Presque six ans après, outre l’ascension fulgurante de Don Toliver, que reste-t-il de l’écurie Cactus Jack ? C’est cette interrogation qui nous a taraudé l’esprit durant l’écoute (et certainement celui de l’auteur d’ASTROWORLD) tant cet opus cristallise à la fois l’espoir qui régnait autour de la création de ce label mais aussi la déception face à si peu de résultats concluants.

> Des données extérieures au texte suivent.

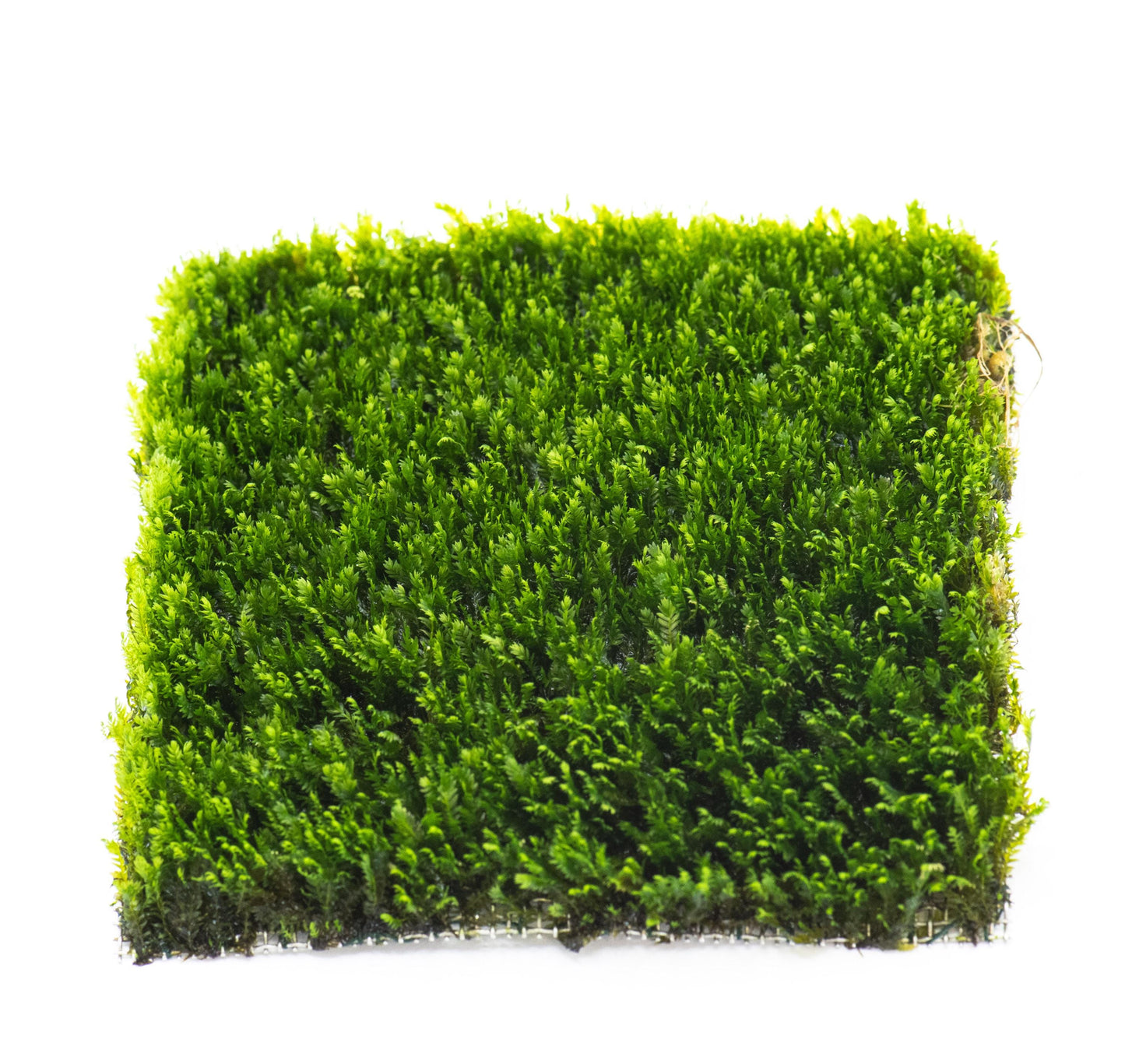 Mini Fissiden Moss Mat (3inx3in) - Live Aquarium Moss For Planted Shrimp Tank, Terrarium Setup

Cet aveu d’échec est une fois de plus symbolisé par le vampirisme dont fait part Travis Scott puisqu’il apparaît pas moins de douze fois sur les dix-sept morceaux proposés, sans compter les bonus tracks. Là où cette seconde édition aurait pu faire la part belle à l’exposition de l’évolution de ses talents, nous n’avons ici qu’une omniprésence écrasante du chef de label qui tente de colmater les brèches ici et là avec une flopée de featurings qui viennent voler la place des autres membres.
À titre d’exemple, nous parlions du développement de Don Toliver un peu plus tôt mais celui-ci aurait largement mérité une place de choix : d’une part afin de récompenser son excellente dynamique qui dure depuis quelques années et d’autre part pour démontrer qu’il est le fruit du bon flair de Travis Scott.
Toutefois, il s’agit du seul profil ayant fait des preuves concrètes dans la scène musicale : qu’il s’agisse de Sheck Wes, tantôt basketteur et tantôt rappeur à ses heures perdues qui n’a toujours pas capitalisé sur son succès prometteur de 2018 avec une proposition peu intéressante (“ILMB”), de SoFaygo qui malgré les projets sortis ne cesse de stagner dans une position de rookie qu’il n’est plus depuis bien longtemps ou du manque de cohérence quant à la justification de la signature de Wallie the Sensei (bien qu’il ait un réel potentiel), nous nous trouvons face à un collectif demeurant fragile, superficiel et dénué d’alchimie.
À cet égard, cela nous interroge sur l’utilité actuelle d’une compilation de label. La formule serait-elle dépassée ? La question est ouvertement outrancière tant la réponse demeure limpide : non, ce type de format peut toujours exister à condition que l’exécution s’y prête correctement.
Sans rentrer dans une analyse chronologique regroupant l’entièreté des projets de ce type, nous pouvons tout de même nous arrêter sur quelques exemples contemporains qui feront de l’ombre à JACKBOYS 2 : que ça soit les deux volumes de la Cozy Tapes du A$AP Mob, des différentes volets de Revenge Of The Dreamers du label Dreamville ou encore le légendaire Cruel Summer de son idole Kanye West (dont il a fait partie!).
Ces quelques albums ont le mérite d’équilibrer le plus possible la présence des talents internes tout en les mêlant à des artistes en dehors du label afin de créer un melting-pot jubilatoire proche du blockbuster et du fan-service sans la contrainte de l’album solo qui se veut plus sérieux dans l’approche. Dans le cas de JACKBOYS 2, le fan se retrouve plus lésé que récompensé, perdant ainsi l’objectif initial en cours de route et menaçant l’intérêt et la pérennité du label de facto.
Il y a dix ans, Travis Scott se présentait face à nous comme le champion enragé du rodéo capable de dompter sa bête intérieure et prêt à tout pour y arriver grâce à une direction artistique maîtrisée et léchée. Tout porte à croire qu’aujourd’hui il a du mal à canaliser cette fameuse bête puisqu’il tombe naïvement dans le piège de la quantité au détriment de la qualité.
Bien qu’il ne s’agisse que d’un “simple” projet de label et que la grille d’évaluation se doit d’être plus légère, il n’empêche que les standards sont loin d’être rencontrés. Comme le commun des mortels, il semblerait surtout qu’il ait besoin de vacances afin de réfléchir à la définition d’une clique.